I was using a single off camera speedlight and was alone with no help.  I ended up just dumping my light stand in the water as I could not get it close enough on dry land.

The urban shots went well, I got some good results.  The water part was a different story.  I prefer to hear your comments before I moan anymore.

Thanks.....look forward to your feedback.


----------



## JacaRanda (Sep 22, 2015)

I like the B&W but feel like the palms of her hands are too dark.  I also like photo 16, but think the exposure on just her can be decreased, maybe some selected burning needed (flash too hot).

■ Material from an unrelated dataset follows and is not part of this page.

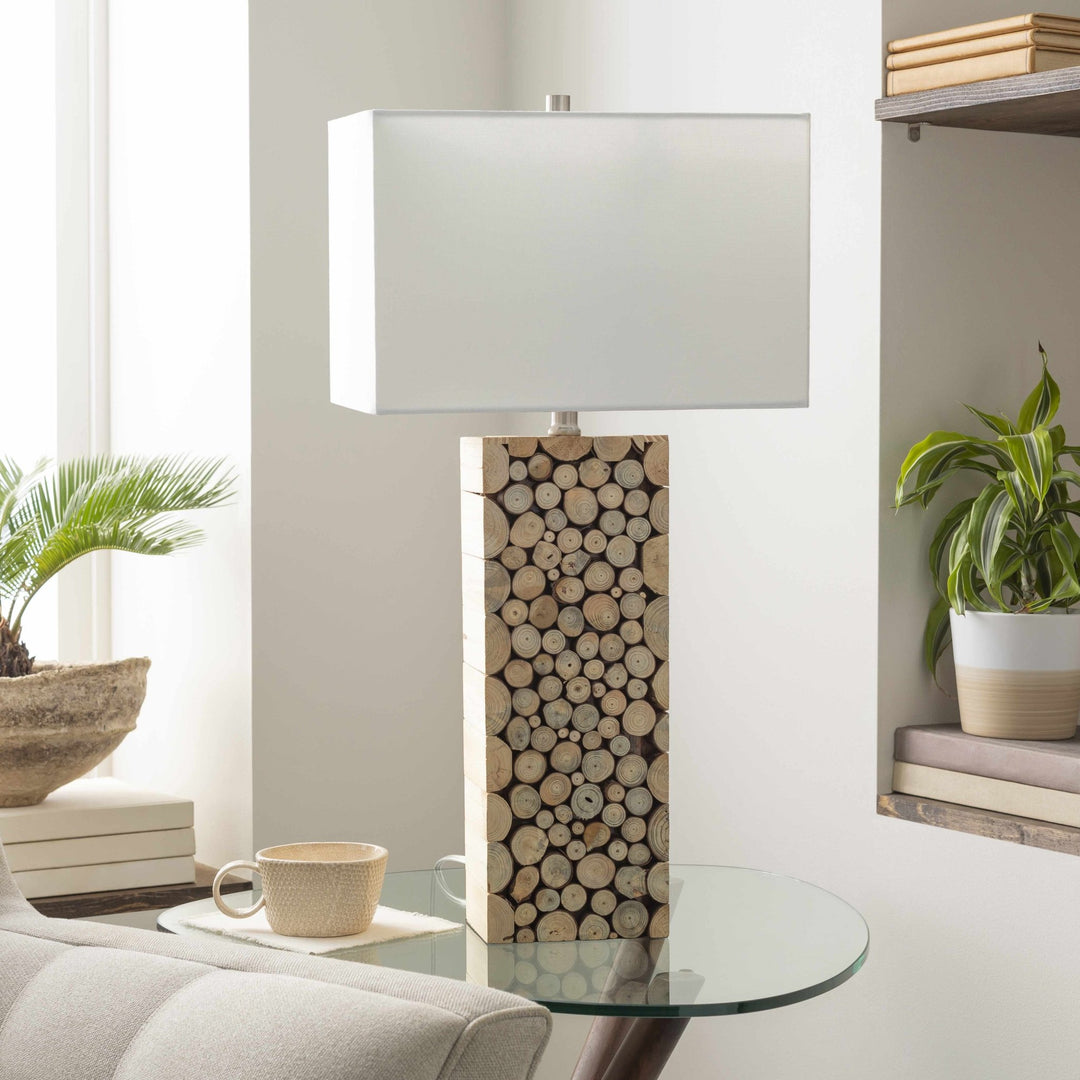 Pendlebury Table Lamp - The Rug Decor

What language did she speak?


----------



## ndancona (Sep 26, 2015)

JacaRanda said:


> I like the B&W but feel like the palms of her hands are too dark.  I also like photo 16, but think the exposure on just her can be decreased, maybe some selected burning needed (flash too hot).
> 
> What language did she speak?




Thanks for taking the time to respond.  
She was Polish.  She doesn't like the images either.  A tough cookie this one.


----------



## shmne (Dec 14, 2015)

Looks like a pretty common theme of over exposed, and 7_2 looks like it may be clipping with saturation. My guess would be the R channel.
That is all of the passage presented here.